Active in civic affairs, he served as president of the board of trustees of the Hawken School, Cleveland, and as a trustee of St. Timothy's School in Baltimore, Maryland. He was a member of the finance committee of the Day Nursery Association, chairman of the investment committee of the Visiting Nurse Association, and a member of the advisory committee on investments of the Benjamin Rose Institute, all in Cleveland. Additionally, he was a member of the board of governors of Western Reserve University, a trustee of the Cleveland Zoological Society, and chairman of the finance committee of the University Hospitals in Cleveland.

===Plantations and sailing===
He was an avid sportsman and with close friend David S. Ingalls (1899-1985) and the two co-owned two quail hunting plantations, Ring Oak Plantation and Foshalee Plantation in Leon County, Florida north of Tallahassee. They later divided the plantations with Ireland taking full ownership of Foshallee.

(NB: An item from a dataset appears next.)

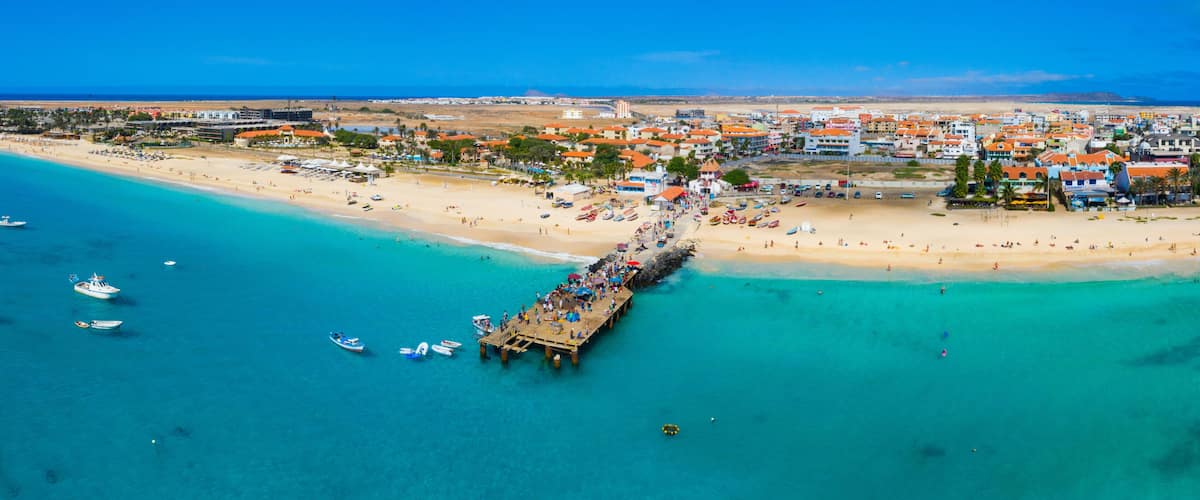 A coastal town with a pier extending into turquoise waters, a sandy beach, and a backdrop of buildings.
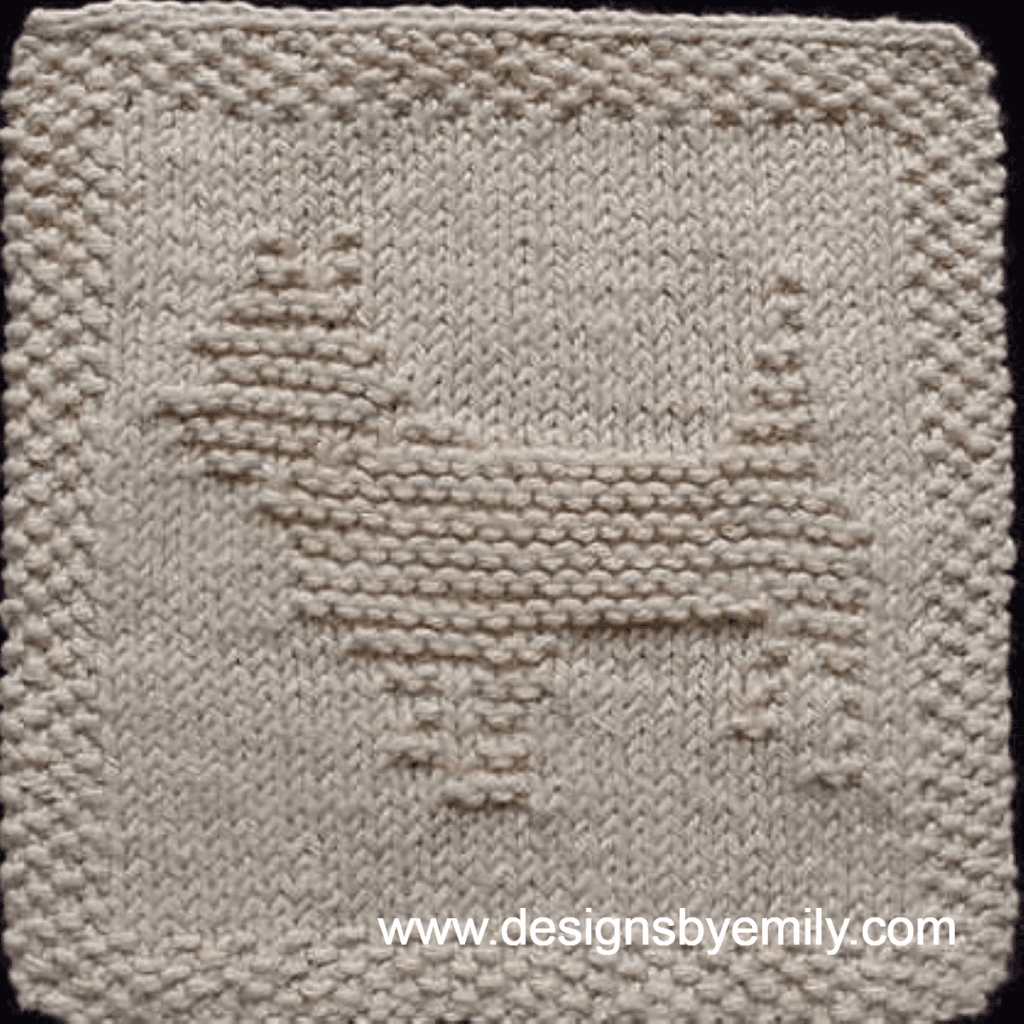 Cairn Terrier Knit Dishcloth: A handmade knit dishcloth square in tan yarn featuring a cairn terrier dog in the center facing toward the left. The design is created in garter stitch using knit and purl stitches on a stockinette background.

He was a sailing enthusiast with a series of boats named Pandora (I - IV) in which he cruised the east coast of the United States and the Bahamas from his residence in Pemaquid Harbor, Maine, and Nassau Harbor Club, in Nassau, Bahamas. He was a member of the Cruising Club of America and competed in the Bermuda Race many times. While in the Bahamas his local guide was Vivian Alvin (Old Pot) Pinder of Spanish Wells, reputed to be the greatest spear fisherman in the Bahamas.

==Personal life==
On February 9, 1918, he was married to Margaret "Peg" Allen (1894–1961). Peg had been born in Chicago, raised in New York, and graduated from Brearley School. She helped organize the Western Reserve Women's Republican Club of Cuyahoga County, Ohio and from 1953 to 1957, she chaired the Cuyahoga County Republican Party's Women's Committee, and in 1952 and 1956, she was an alternate delegate to those Republican National Conventions. Together, Liv and Peg were the parents of four children:

- Louise Ireland (1918–2012), who married Gilbert W. Humphrey (1904–1982), who married in 1939.
- Robert Livingston "Tim" Ireland III (1920–2002), a banker with Brown Brothers Harriman & Co. who married Jacqueline Mayhew. After her death, he married Anne Sweetser. In 1977, his son, Thomas Ellis Ireland, married Nancy Suzanne Roosevelt, daughter of Franklin D. Roosevelt Jr. and granddaughter of President Franklin D. Roosevelt and Eleanor Roosevelt.
- Melville Hanna Ireland, an officer of the brokerage house, Blair & Co.
- Kate Ireland (1930–2011), a philanthropist who lived with her partner, Pamela Anne Cundle (1929–2011), at Foshalee Plantation.

Margaret died October 22, 1961. He later remarried to Mrs. Louise Davis (née Ireland) Grimes in 1967. They had no children. He died on April 21, 1981, and is buried in Lake View Cemetery.